### Material supplied:
========================================
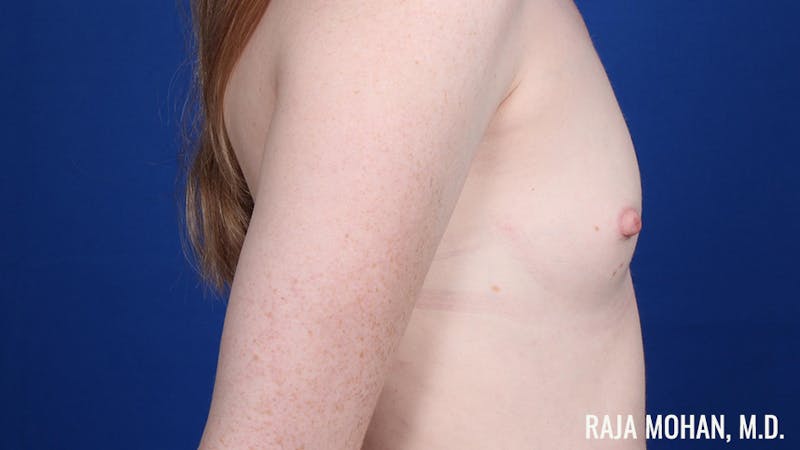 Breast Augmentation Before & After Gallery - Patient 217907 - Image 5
========================================
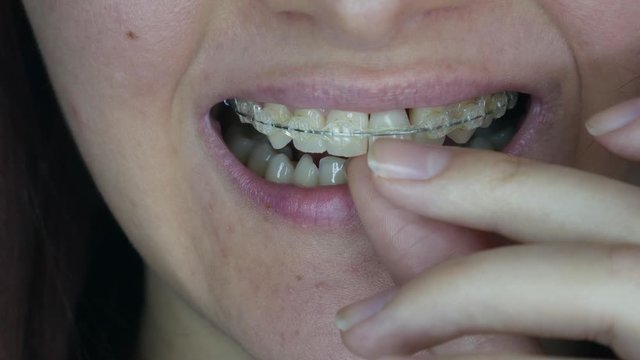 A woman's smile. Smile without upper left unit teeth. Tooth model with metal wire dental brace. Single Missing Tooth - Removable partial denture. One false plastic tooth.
========================================
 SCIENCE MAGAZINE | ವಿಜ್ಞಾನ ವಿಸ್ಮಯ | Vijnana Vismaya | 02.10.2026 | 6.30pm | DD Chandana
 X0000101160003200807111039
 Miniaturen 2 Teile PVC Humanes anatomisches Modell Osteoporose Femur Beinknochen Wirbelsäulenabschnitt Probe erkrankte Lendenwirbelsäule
========================================
### Work item:
Please copy the lines in the records above between the one holding "SCIENCE MAGAZINE |" and the one holding "Miniaturen 2 Teile", inclusive, exactly and with no other line.

### Output below:
 SCIENCE MAGAZINE | ವಿಜ್ಞಾನ ವಿಸ್ಮಯ | Vijnana Vismaya | 02.10.2026 | 6.30pm | DD Chandana
 X0000101160003200807111039
 Miniaturen 2 Teile PVC Humanes anatomisches Modell Osteoporose Femur Beinknochen Wirbelsäulenabschnitt Probe erkrankte Lendenwirbelsäule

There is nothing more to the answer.